Temelli, 2028'deki seçimlere işaret ederek, bu dört yıl boyunca Türkiye'de demokratikleşme ile müesses nizamın otoriterleşmesi arasında bir hatta ilerleyeceğini vurguladı. Temelli, şöyle devam etti: “Demokrasi mücadelesinin kazanabilmesi için bu seçim sonuçlarını hem siyasi muhalefet hem de toplumsal muhalefet çok iyi okumalı ve bu anlamda demokrasi cephesini büyütecek bir yerde konumlanmalı. Bu başarılabilirse rejim sonlanabilir ve Türkiye çoğulcu, demokratik bir yere doğru yol alabilir. Dolayısıyla önümüzdeki dört yıl bu mücadeleyle geçecek.” 
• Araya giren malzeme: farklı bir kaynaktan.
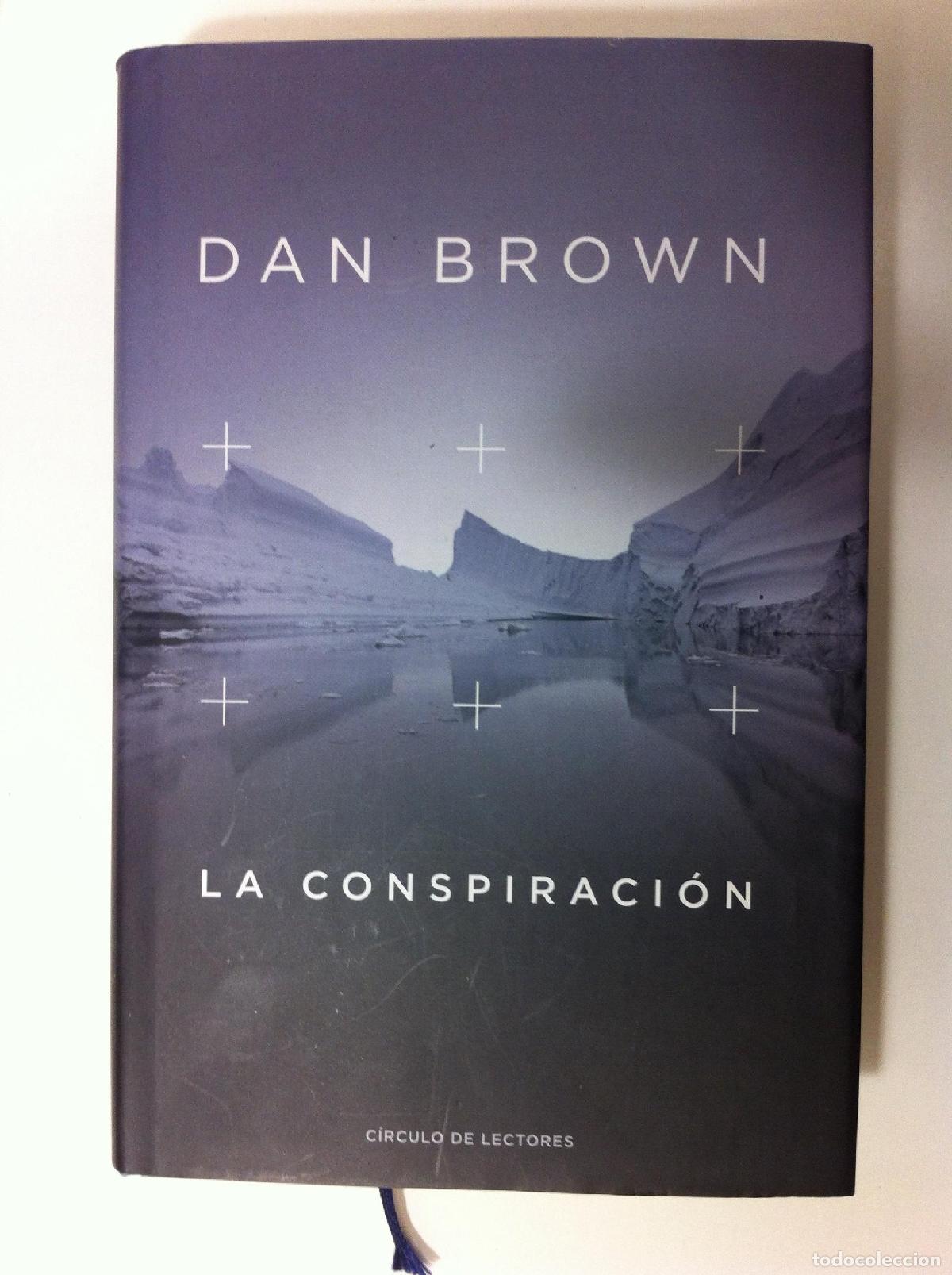 Libros de segunda mano: Conspiracion Brown, Dan-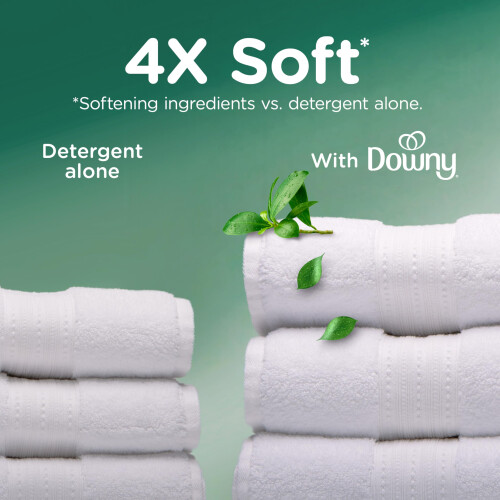 Υγρό Μαλακτικό Ρούχων Downy Ultra Soft Refreshing με Νερό Σημύδας και Βότανα 56 fl oz 83 Φορτώσεις 2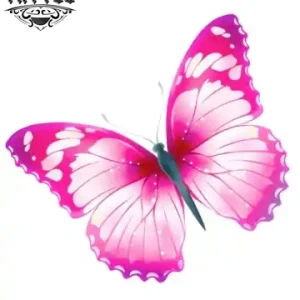 tatouage-ephemere-papillon-rose-lumineux-femme tatouage-ephemere-papillon-rose-lumineux-femme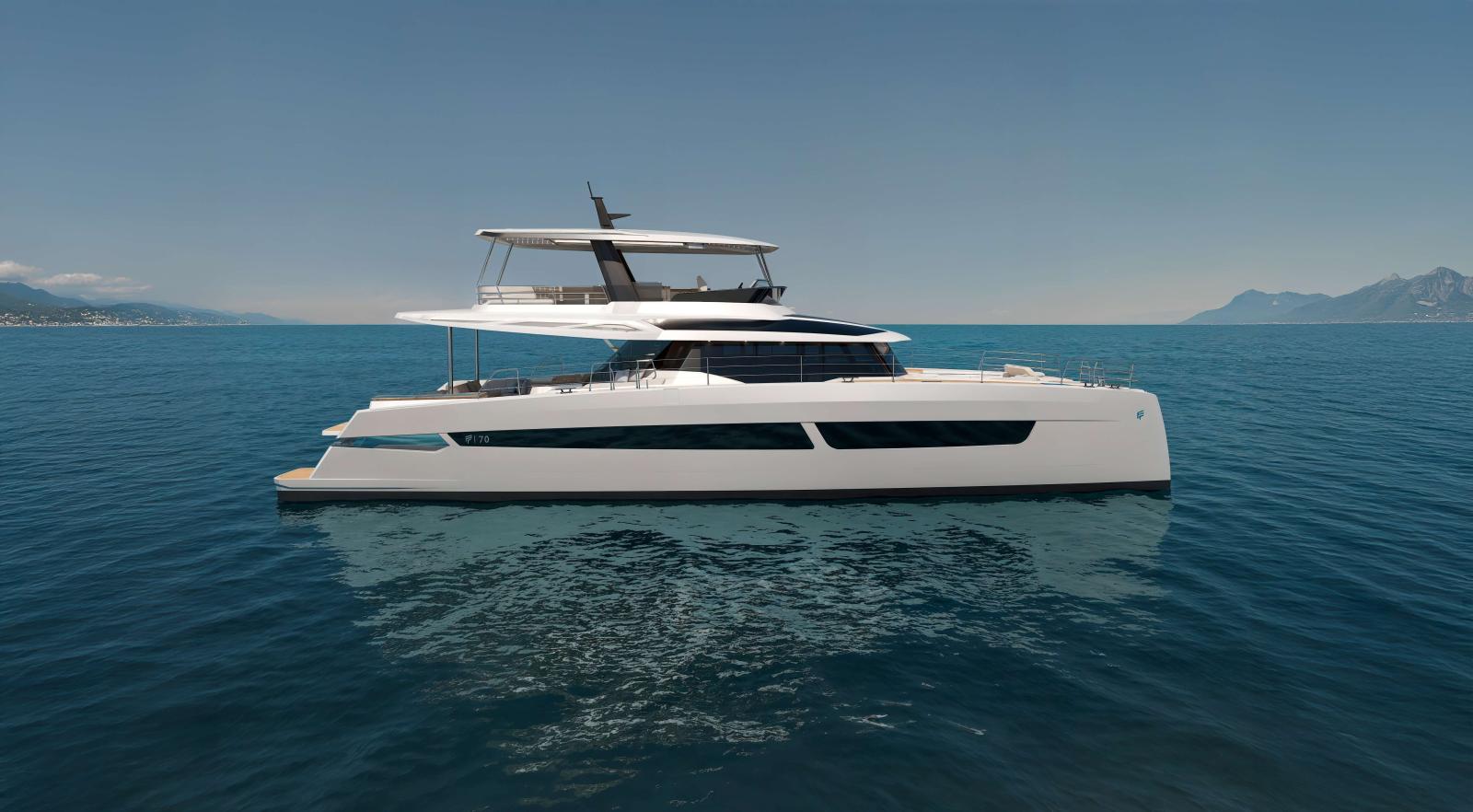 fountaine pajot Fpy | 70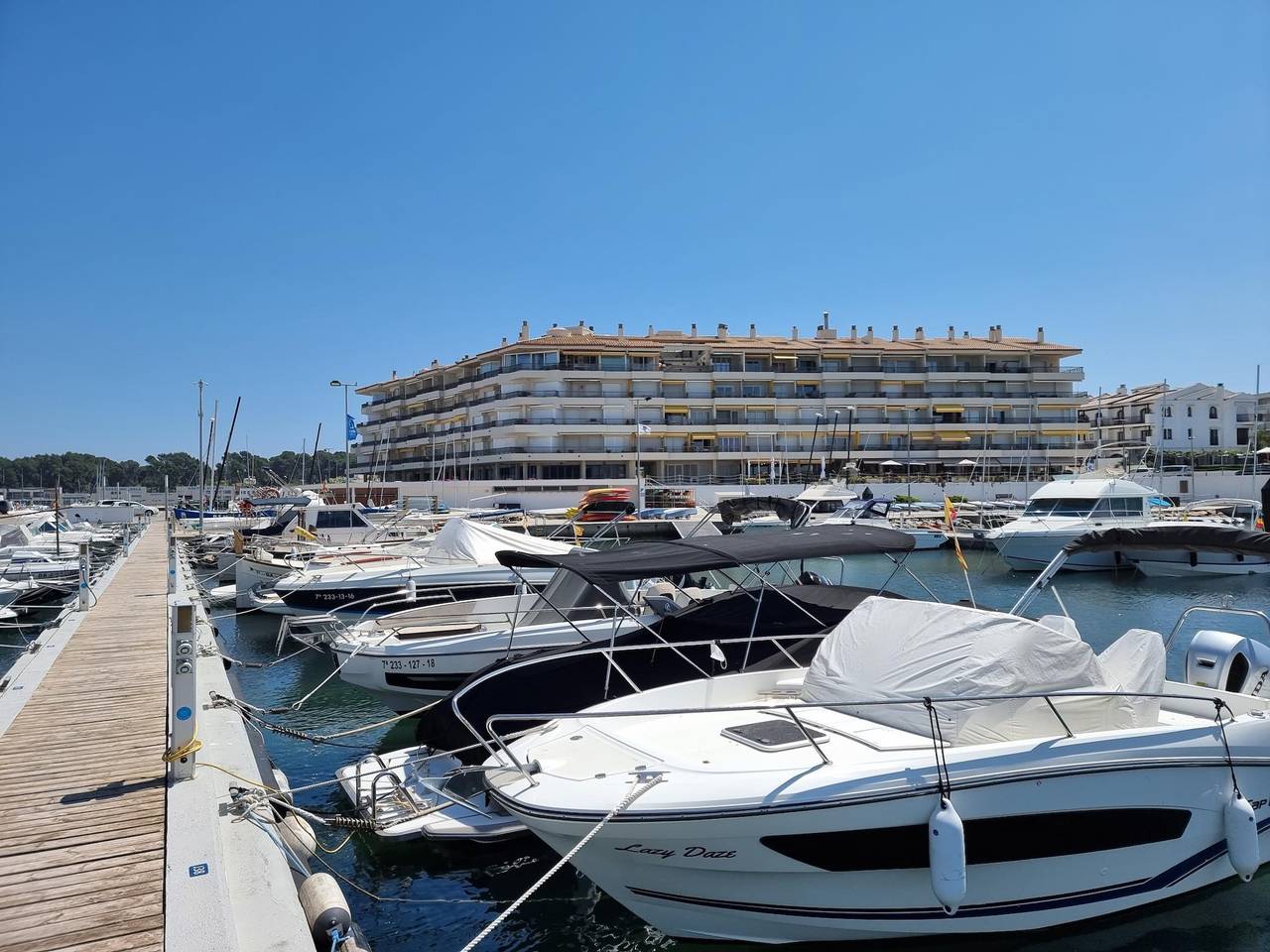 Appartement de vacances entier, Port Escala Pb13 in L'Escala, Haut-Ampurdan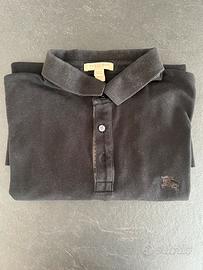 Polo Burberry uomo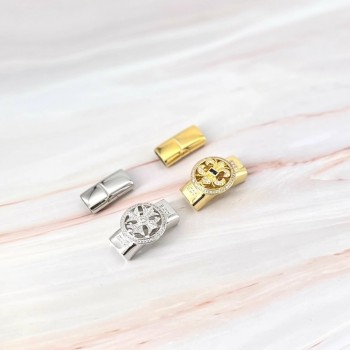 Chrome Hearts bracelet hardware, DIY material kit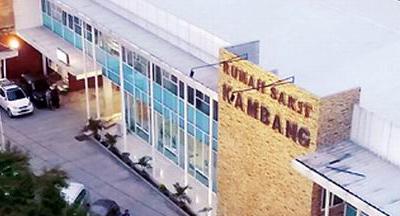 RS Umum Kambang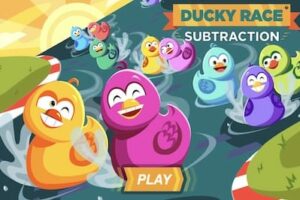 ducky-race-subtractionm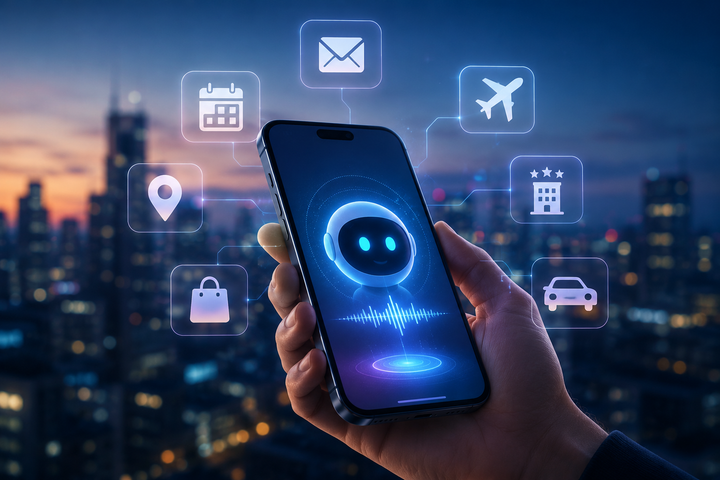 ทำไม Smartphone กำลังกลายเป็น AI Device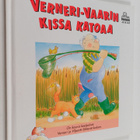 Anneka Wind : Verneri-vaarin kissa katoaa - pikkukuva 1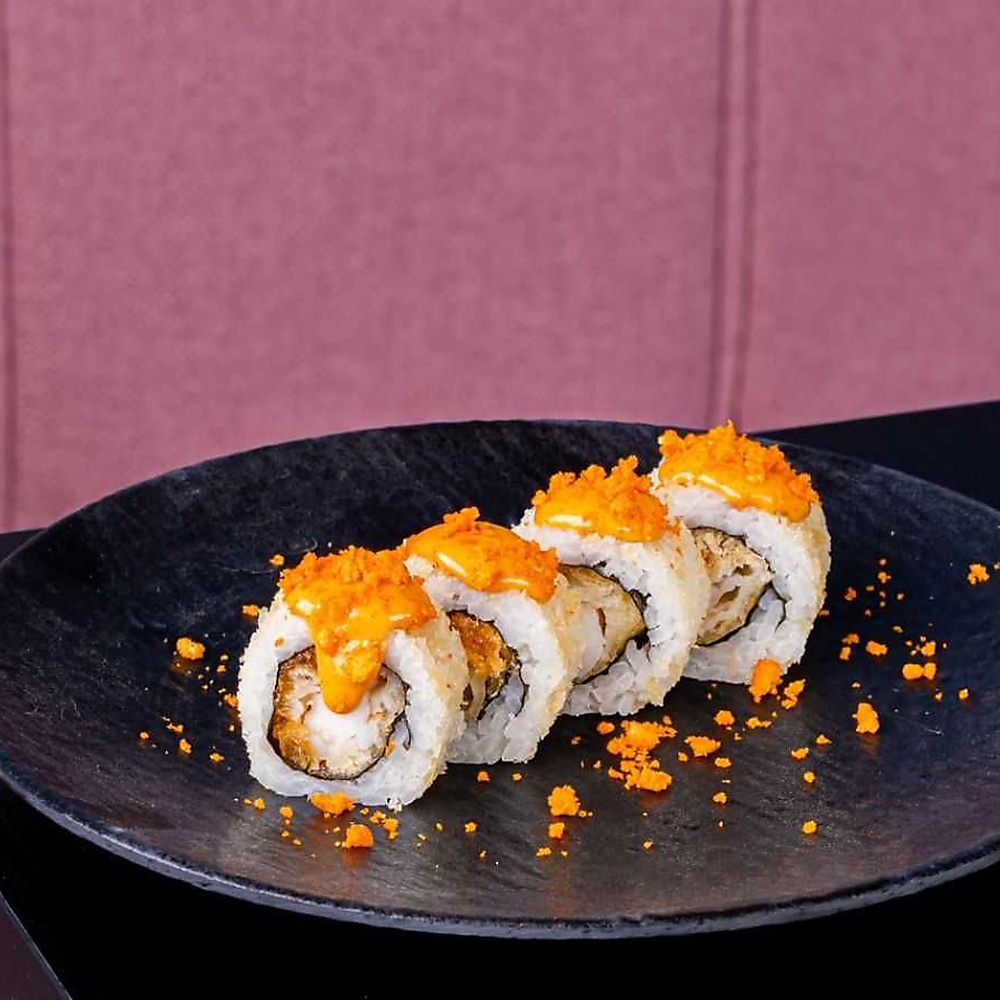 Dynamite UraMaki Roll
MESELEYE BÜTÜNLÜKLÜ BAKMAK LAZIM

DEM Parti dışındaki muhalefetin hem seçim sonuçlarından hem de ilerleyen süreçten önemli dersler çıkartması gerektiğini belirten Temelli, şunları söyledi: “Toplumun zeminde oluşturduğu ittifakların artık siyasete daha fazla yön vermesi gerekir. Bütün bu gelişmeler süreci belirleyecektir. Tabii burada en temel başat konu, yine muhalefet savaş karşıtlığında buluşabilecek mi? Muhalefet Kürt sorununun demokratik çözümünde buluşabilecek mi? Muhalefet, hukuk devletini yok eden hukuk dışı tecride karşı bir tavır ortaya koyabilecek mi? Yoksulluğa ve kapitalist sistemin sömürüsüne karşı bir çözümde buluşabilecek mi? Bütün bunlar bu sürecin en önemli belirleyeni olacaktır. Gerçekten Türkiye, bir demokratikleşme sancısı çekiyor ve bir türlü yolunu bulamıyor. 3. Yol aslında bütün muhalefete büyük çağrısını bir kez daha yenilemiş durumdadır. Bu çağrıya kulak verildiği ölçüde Türkiye'nin bu tıkanmışlığını aşmak mümkün olabilecektir. Kürt sorununun çözümü Ortadoğu halklarının özgürlüğü, barışı için önemli bir adımdır. Dolayısıyla böyle bütünlüklü bir şekilde meseleyi ele alıp değerlendirmek gerekir.”